## LISTED ENTRIES
*****

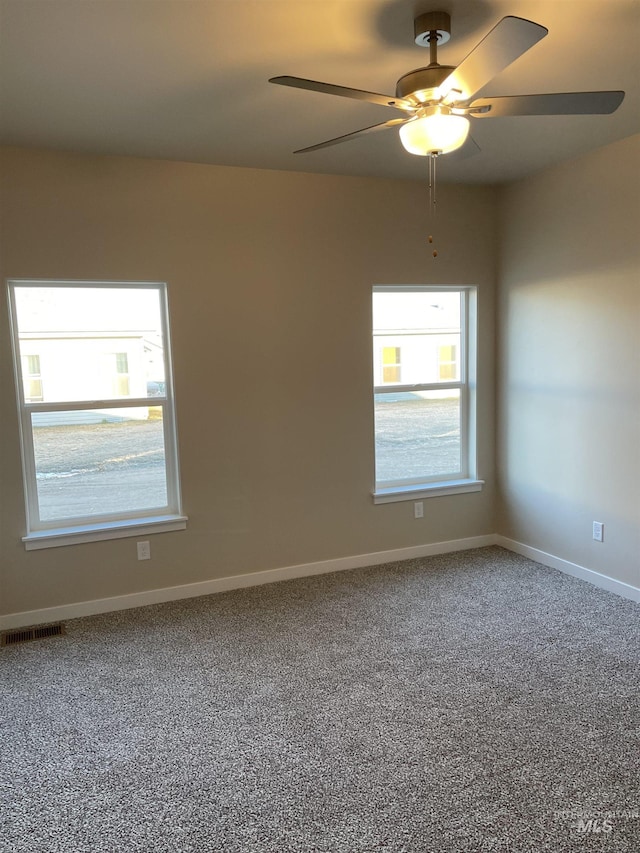 unfurnished room with visible vents, baseboards, carpet, and a ceiling fan
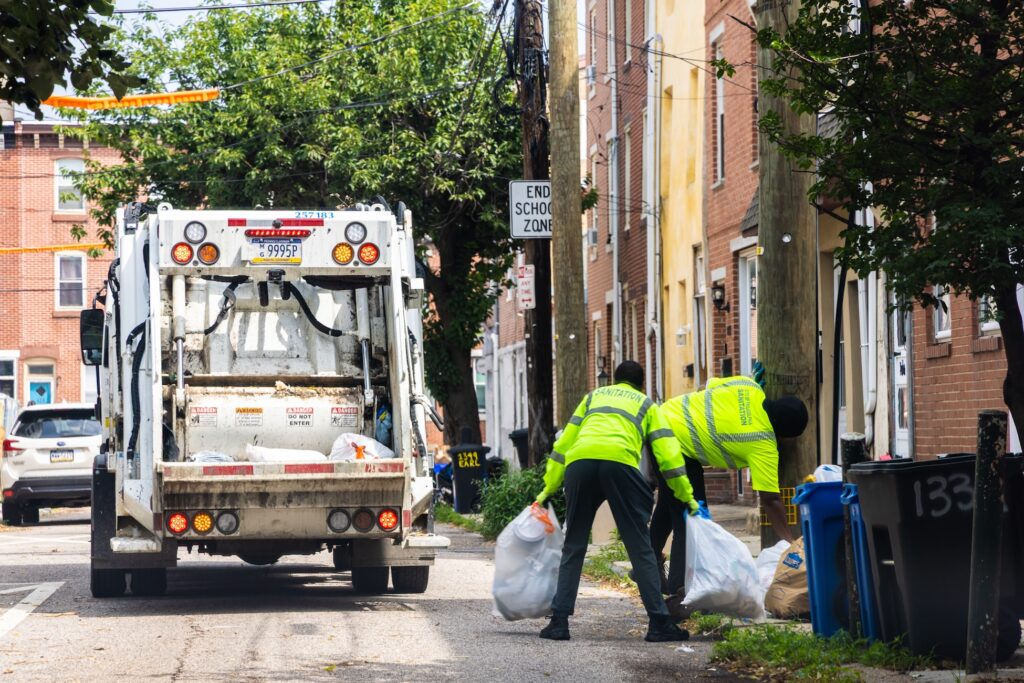 07 10 2026 k paynter trash collectiong truck and sanitation philadelphia Sanitation workers load bags of trash into the back of the truck.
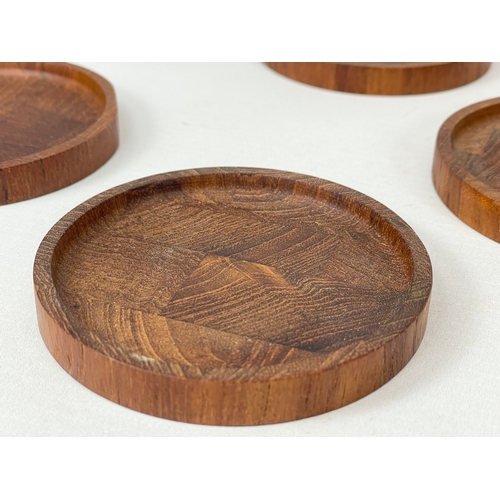 9 - A set of 6 Danish Mid Century teak drinks coasters. 8cm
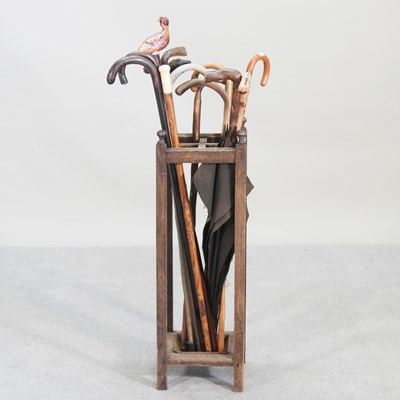 Lot 30 - A collection of walking sticks, in an oak...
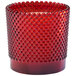 A Sterno rouge glass lamp with a candle inside.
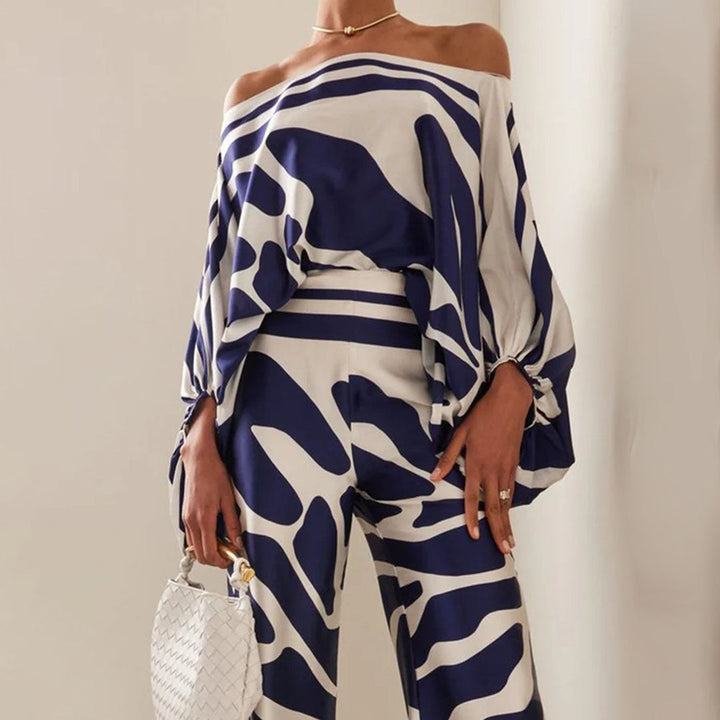 Chic ladies clothing: Summer set featuring playful prints, wide leg pants, and a chic lantern sleeve top.
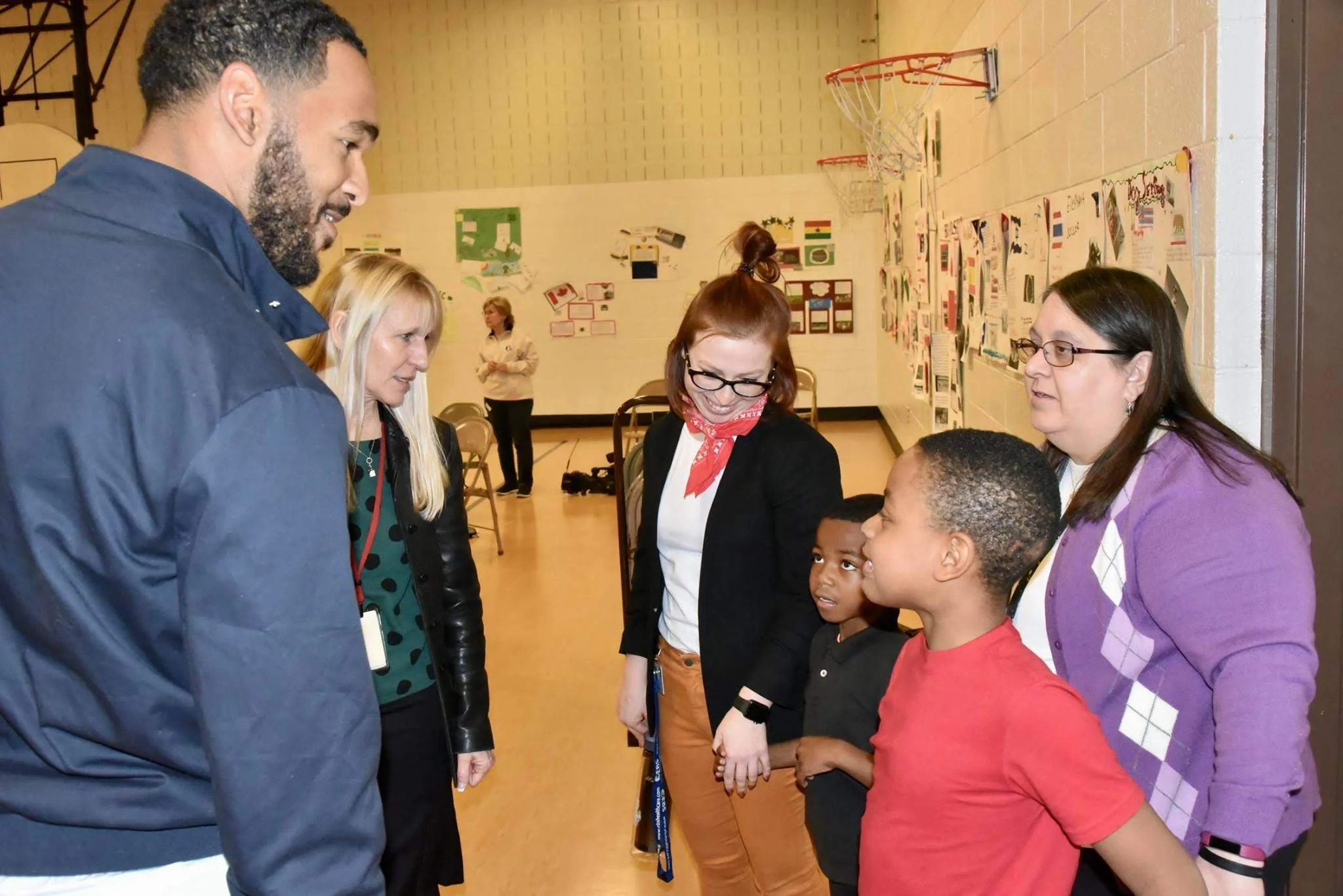 Group of people, including children and adults, engaged in conversation inside a community center decorated with school projects on the walls.
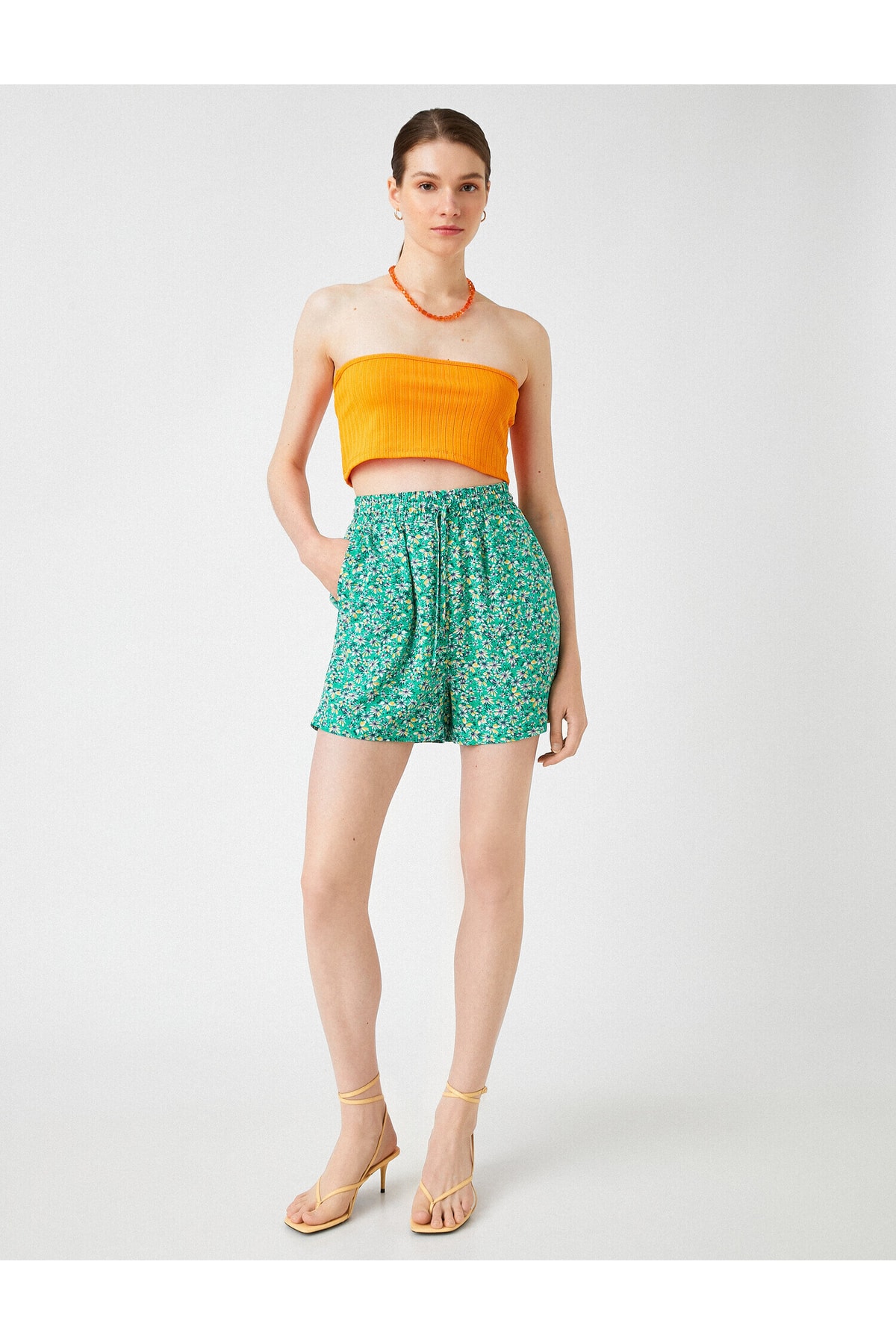 Koton Floral Mini Shorts that are tied at the waist with pockets.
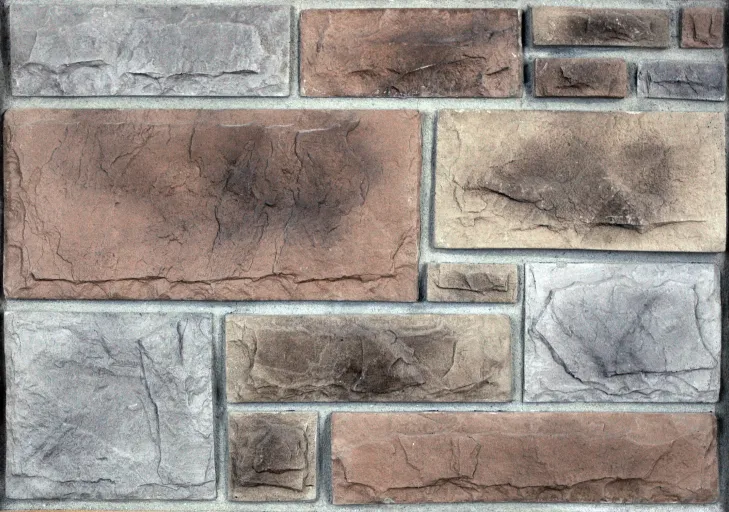 Castlerock-Buckskin Rectangular stone wall with various sized bricks in shades of brown, gray, and beige with visible textures.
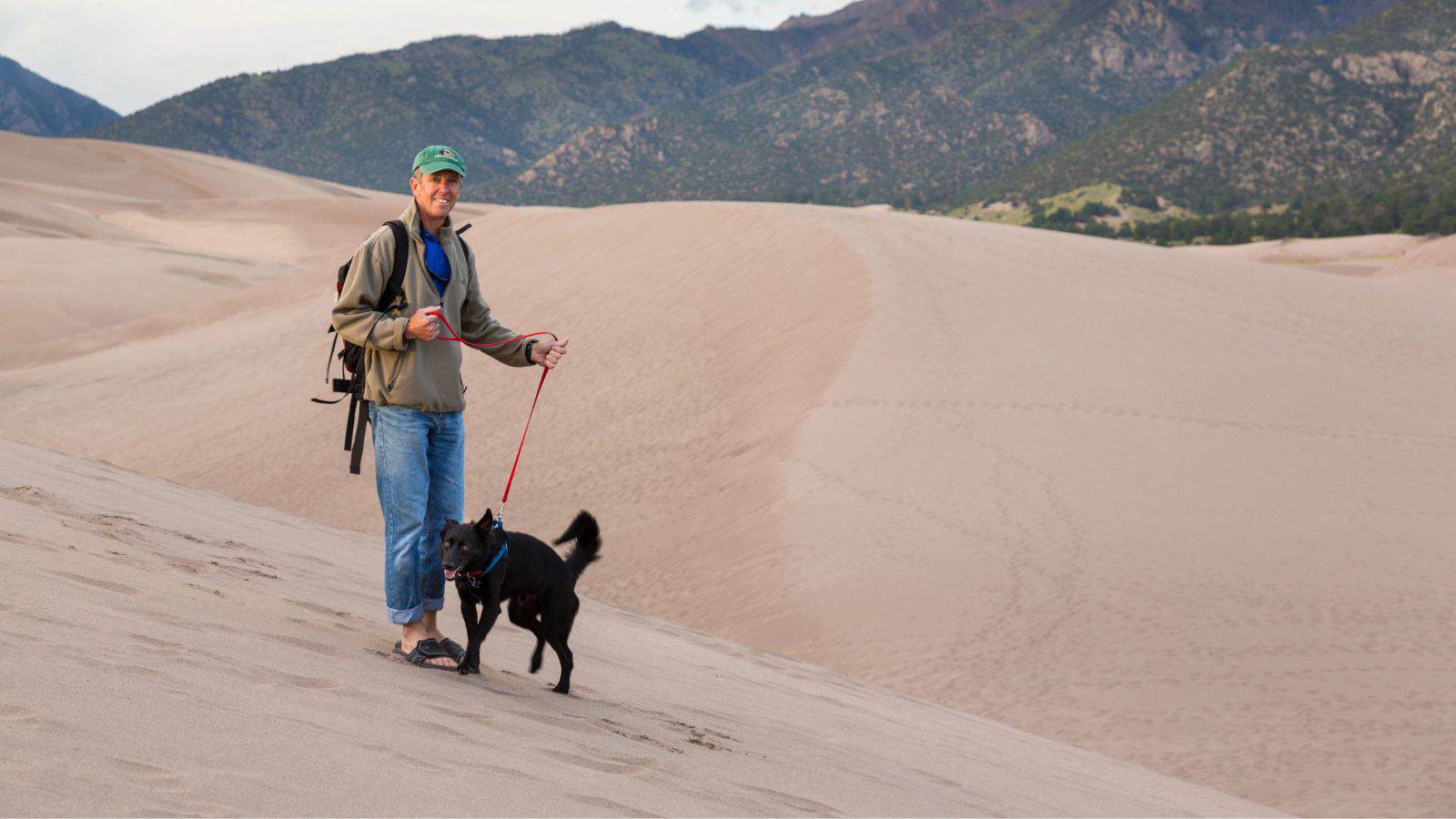 A person wearing a green cap, jacket, and rolled-up jeans walks a black dog on a red leash across sand dunes with mountains and greenery visible in the background.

*****

## AIM OF THE EXERCISE
Beginning with the line that contains "Chic ladies clothing: Summer" and ending with the last line of the entries above, repeat each line exactly, but not the pictures.

## THE ANSWER
 Chic ladies clothing: Summer set featuring playful prints, wide leg pants, and a chic lantern sleeve top.
 Group of people, including children and adults, engaged in conversation inside a community center decorated with school projects on the walls.
 Koton Floral Mini Shorts that are tied at the waist with pockets.
 Castlerock-Buckskin Rectangular stone wall with various sized bricks in shades of brown, gray, and beige with visible textures.
 A person wearing a green cap, jacket, and rolled-up jeans walks a black dog on a red leash across sand dunes with mountains and greenery visible in the background.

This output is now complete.